The modern Australian family is presented with this problem on a regular basis when buying property. You’ve had kids, and while it served a purpose when it was just the two of you, your starter property is now feeling a little too cosy. However, you love the area you live in. It’s close to their school, it’s got great amenities and transport links, and you don’t want to uproot and move.
However, you also don’t want to extent your property into the garden, as you’ll lose valuable space for your children to play in. So, what can you do?
Instead of building out, why not consider building up? It’s a major renovation and costs largely depend on the type of building you own, so it’s worth considering the pros and cons of the development before moving forward. If it does work well for you, you might just have found the perfect solution to your problem – you keep your garden, you get the extra space you need, and your kids stay at the same school – without packing a single box. Read on to discover some key points you should consider before moving forward.
Is Your Property Structure Sound?
You need to work out the structural integrity of your building before adding a second storey, as it’ll put a lot of strain on the building.

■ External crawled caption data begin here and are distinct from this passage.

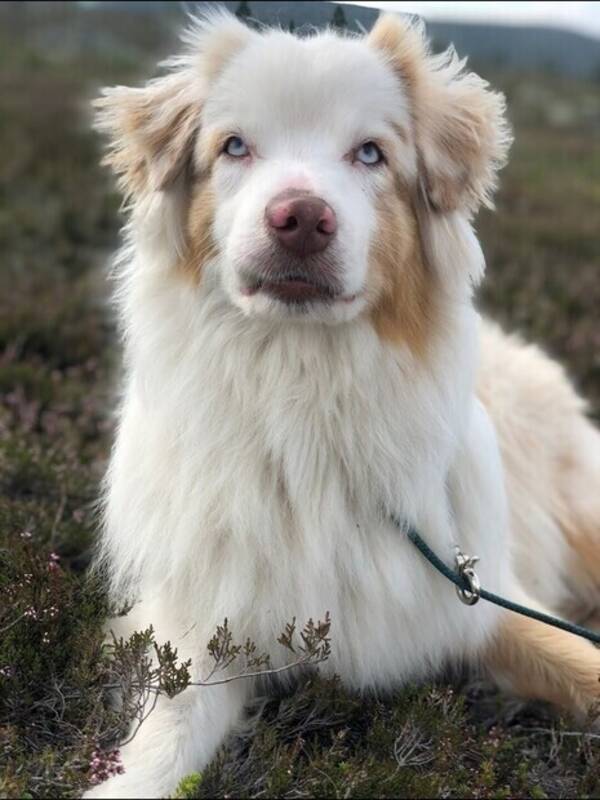 Hund - Aussien Lera
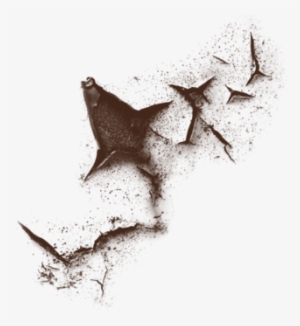 Useful Crack Png For My Editor Frnds Use And Follow - Png For Crack Effects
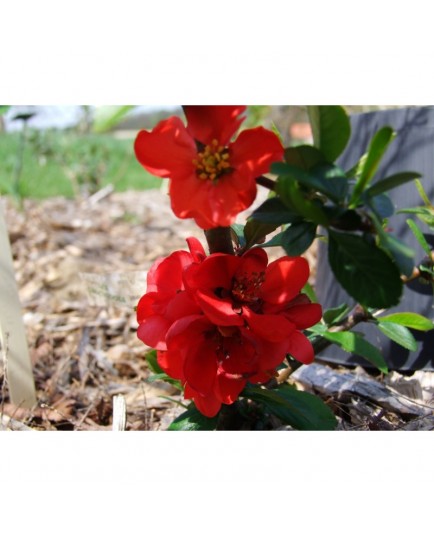 Chaenomeles superba x 'Ernst Finken' - cognassier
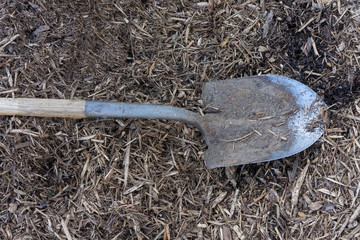 Shovel in garden on earth
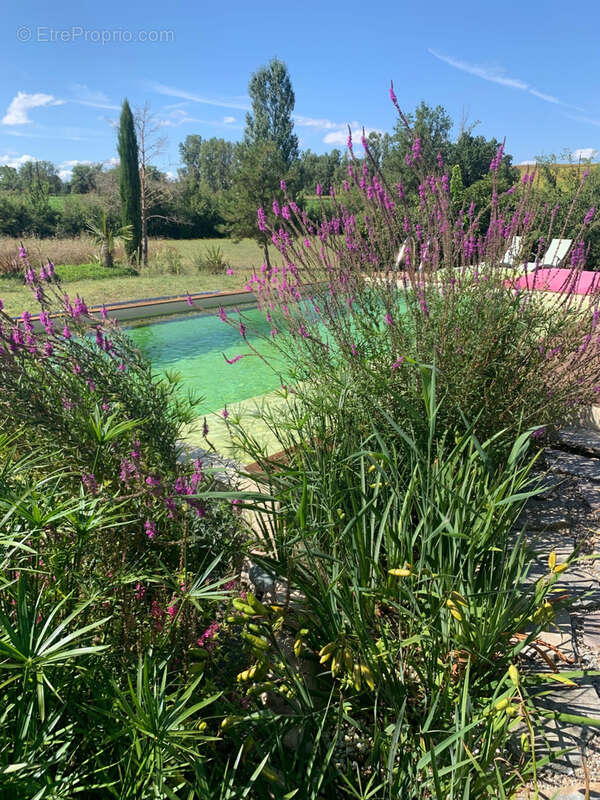 Brin de cocagne - photo 28
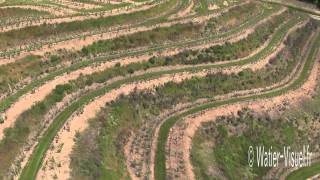 Vidéo aérienne du Vignoble du Layon à St Aubin de Luigné [upl. by Burney]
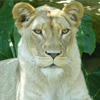 Lion, Taronga Zoo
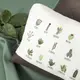 Подушка декоративная Cactuc ТМ IDEIA 35х53 см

As a result, it’s advisable to hire an engineer to work out where your property can handle the extra weight.
In some cases, adding a second storey to a property simply won’t work, so it’s best to know before you start work instead of being disappointed halfway through.
Do You Need to Work Around Council Regulations?

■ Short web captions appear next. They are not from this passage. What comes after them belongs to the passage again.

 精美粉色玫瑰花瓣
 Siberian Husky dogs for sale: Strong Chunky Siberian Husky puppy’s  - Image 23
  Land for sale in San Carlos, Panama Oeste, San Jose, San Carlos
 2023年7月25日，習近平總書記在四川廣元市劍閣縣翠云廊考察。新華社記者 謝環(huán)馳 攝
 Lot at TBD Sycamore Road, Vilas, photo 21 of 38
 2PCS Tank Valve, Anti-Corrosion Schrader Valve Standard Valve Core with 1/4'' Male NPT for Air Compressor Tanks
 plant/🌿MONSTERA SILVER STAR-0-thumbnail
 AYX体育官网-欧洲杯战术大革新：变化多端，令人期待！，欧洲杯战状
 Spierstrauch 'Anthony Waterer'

If you’re looking to add a second storey to your building, you’ll need to seek approval from your local council. This process will factor in any zoning laws and neighbourhood plans. One of the major concerns with second storey buildings is whether they overlook the neighbours and affect their right to privacy.

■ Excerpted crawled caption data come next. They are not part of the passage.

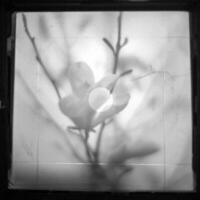 fleur de magnolia en fleurs avec des feuilles vertes, nature naturelle vivante photo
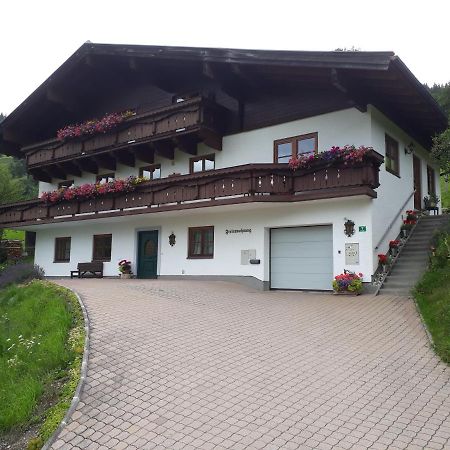 Ferienwohnung Wieser Reizegg 7, 5652 Dienten Dienten am Hochkoenig Luaran gambar
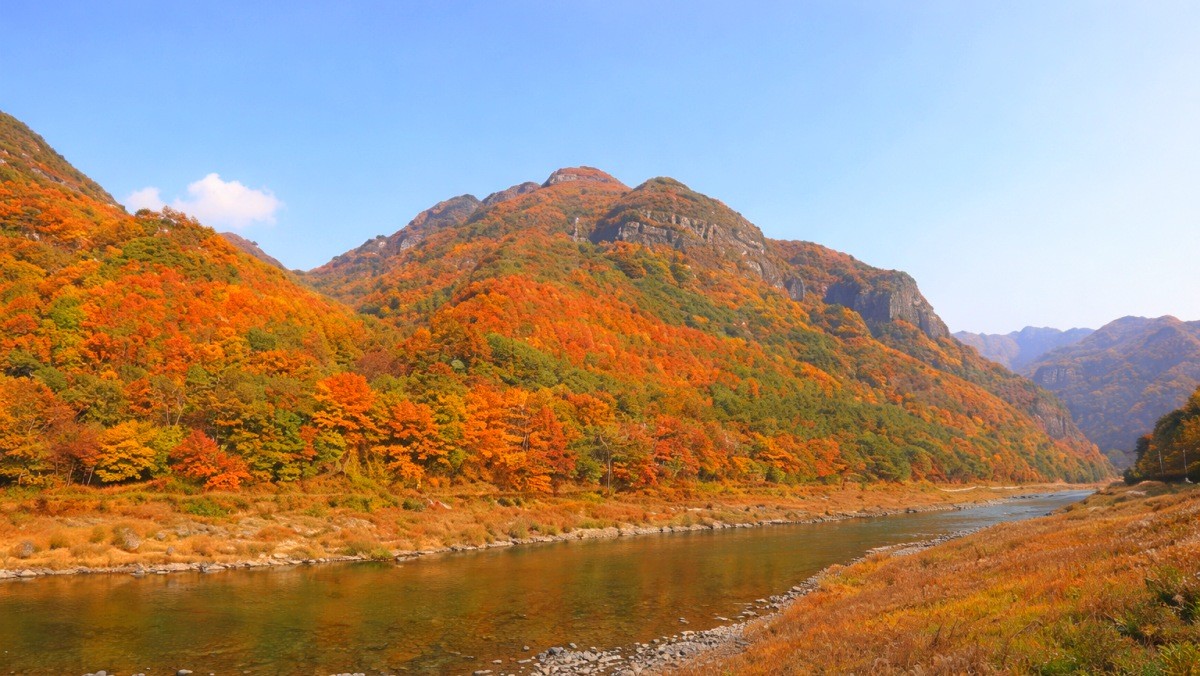 청량산. 기사 내용 토대로 AI툴 활용해 제작한 자료사진.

This won’t see your application get immediately rejected, but the council might set out certain conditions which need to be met. For example, they might request that you design the second storey so that no large windows overlook neighbouring bedrooms or putting frosted glass onto the windows.
What’s the Cost Likely to Be?
Although not always the case, second storey construction is usually assumed to be costlier than ground floor extensions. When adding a second storey, you don’t need to extend the foundation of the property, which helps to keep the costs down. However, you will need to factor in the cost of scaffolding and stair construction, two items you wouldn’t have to worry about with a ground floor extension.
Will it Match Your Ground Floor Layout?
When adding a second storey to your property, you’ll also want to adapt the ground floor layout to match. You’ll need to add a staircase, so you’ll need to think carefully about where this will go.
It’s common for second stories to be used for bedrooms and an extra bathroom, freeing up downstairs bedrooms for additional living space. Consider changing one of the bedrooms into a study and including a staircase in the corner, tucked out of the way to reduce the amount of room it takes up.